Mientras tanto, en Constantinopla seguía el cisma de Acacio causando estragos como en los días del Papa San Félix II. Al emperador Zenón le siguió Anastasio, a quien el papa Símaco le escribió con la misma energía que Félix a su antecesor: “Respeta a Dios en nosotros, y nosotros respetaremos a Dios en ti. Vuelve tus ojos, oh emperador, a la larga serie de aquellos que persiguieron a la Iglesia. Míralos caídos, mientras que la verdadera religión brilla con tanto mayor fuerza cuanto más violenta ha sido su persecución”. Los obispos fieles al Papa, presos, desterrados, acudieron a él: “¡Ven! Devuelve el vigor a nuestras cansadas manos. Apoya y fortalece nuestras débiles rodillas. Da el justo paso a nuestros pies. Señálanos el camino entre tantos errores. Ilumínanos con la profesión de la verdadera fe que el papa León y los Padres del Concilio de Calcedonia nos legaron”. Dios intervino. Subió como emperador Justiniano I, que acabó para siempre con el fatal cisma de Acacio.
Muy largos han sido los testimonios de San Félix II y de San Símaco. Pero nos enseñan lo que la Iglesia entera pensaba sobre el sucesor de Pedro. Es la suprema autoridad. Nada pueden contra él ni obispos rebeldes ni las autoridades civiles, por legítimas que sean, cuando se ponen contra el Vicario de Jesucristo. El Papa, humilde “siervo de los siervos de Dios” ─como se llamaban los Papas y vulgarizará para siempre San Gregorio Magno─, tenían conciencia de una misión divina a la que no podían renunciar.

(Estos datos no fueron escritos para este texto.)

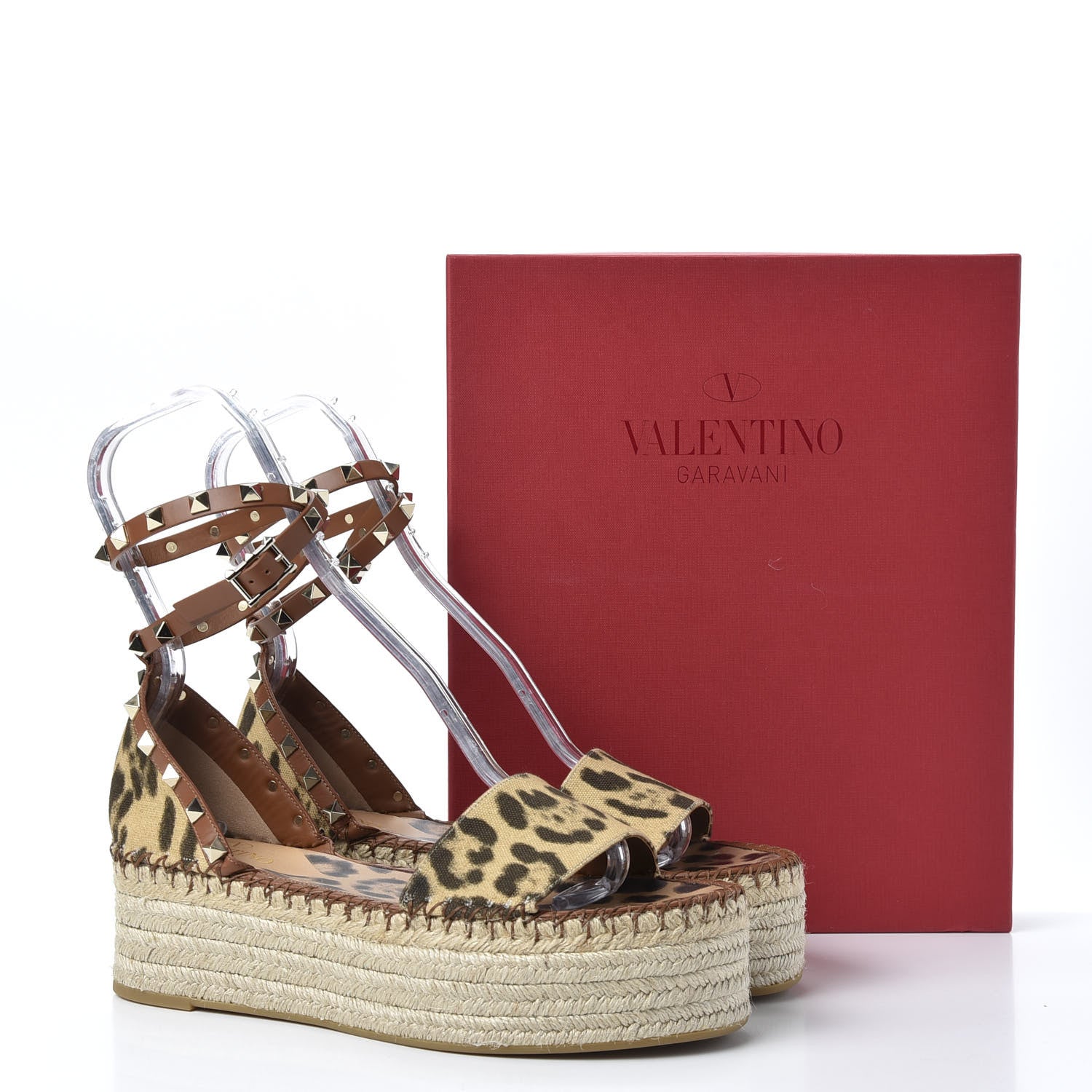 Valentino Garavani Canvas Leopard Print Rockstud Ankle Wrap Espadrille Flatform Sandals 39 Brown 10 of 10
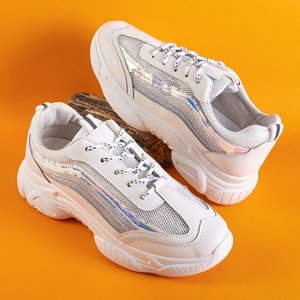Bílá sportovní obuv s holografickými vložkami Noyale - Obuv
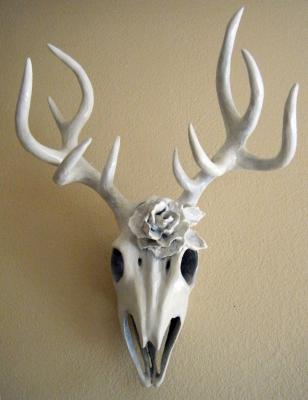"Vegan Deer Skull with White Rose" by Sarah Hage
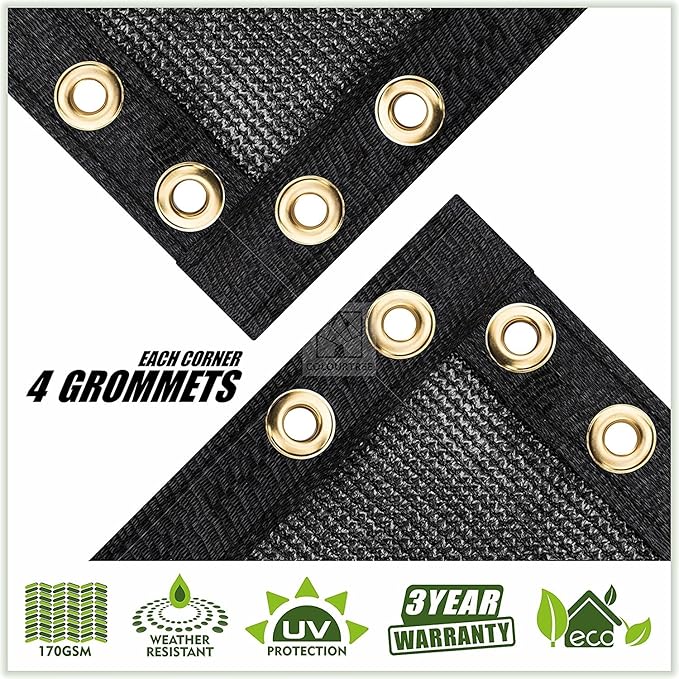 ColourTree Customized Size 6' x 31' Black Fence Screen Privacy Screen - Commercial Grade 170 GSM - Heavy Duty - 3 Years Warranty - Cable Zip Ties Included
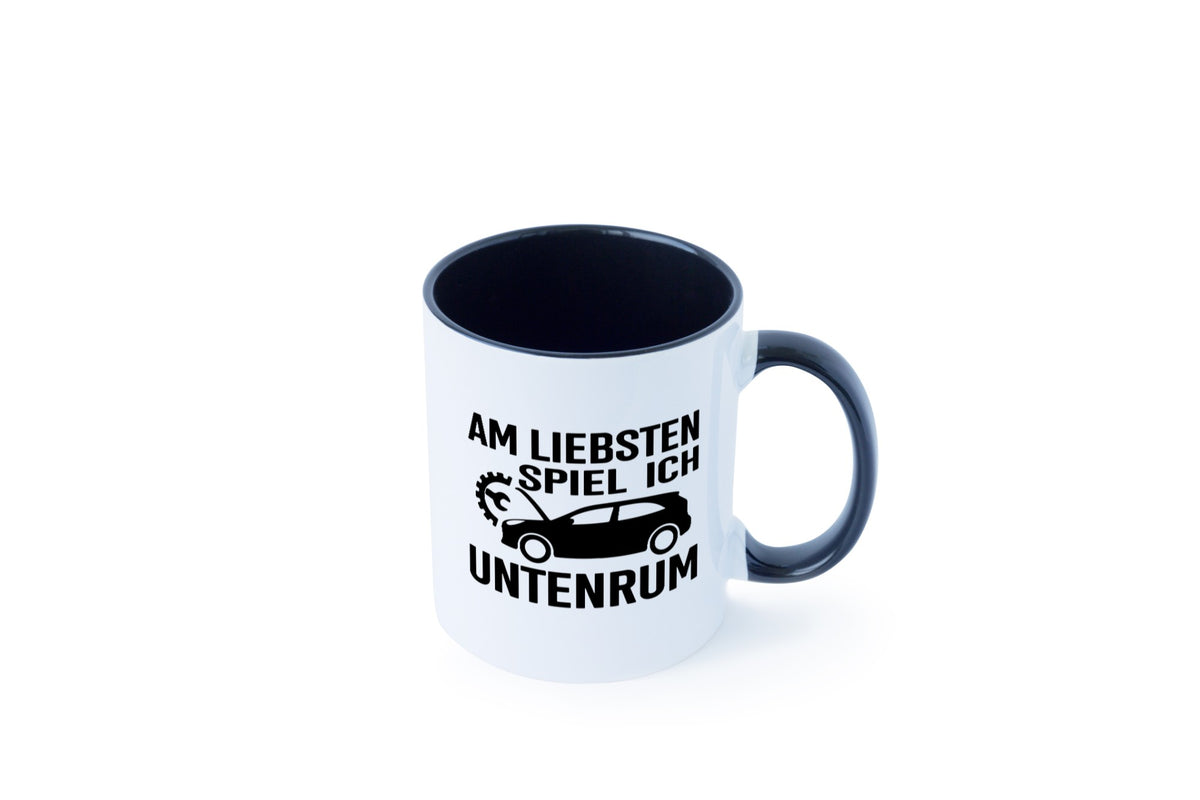 Am liebsten spiele ich unten rum | Autoliebhaber Werkstatt lustiger Spruch Tasse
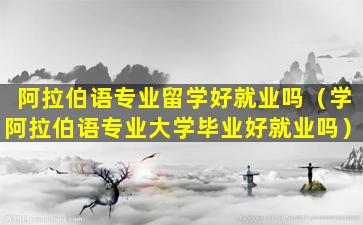 阿拉伯语专业留学好就业吗（学阿拉伯语专业大学毕业好就业吗）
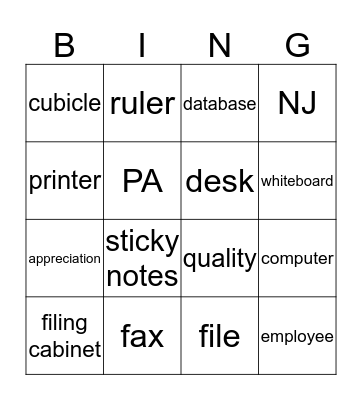 Office Items Bingo Card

A lo largo de toda la Historia veremos cómo la fidelidad al Sucesor de Pedro en la Sede de Roma ha sido la piedra de toque para conocer la autenticidad de la fe en Jesucristo. Veremos debilidades humanas en algunos Papas, poquísimos. Pero veremos, sobre todo, una dinastía humano-divina gloriosa como no se da ni se dará otra semejante.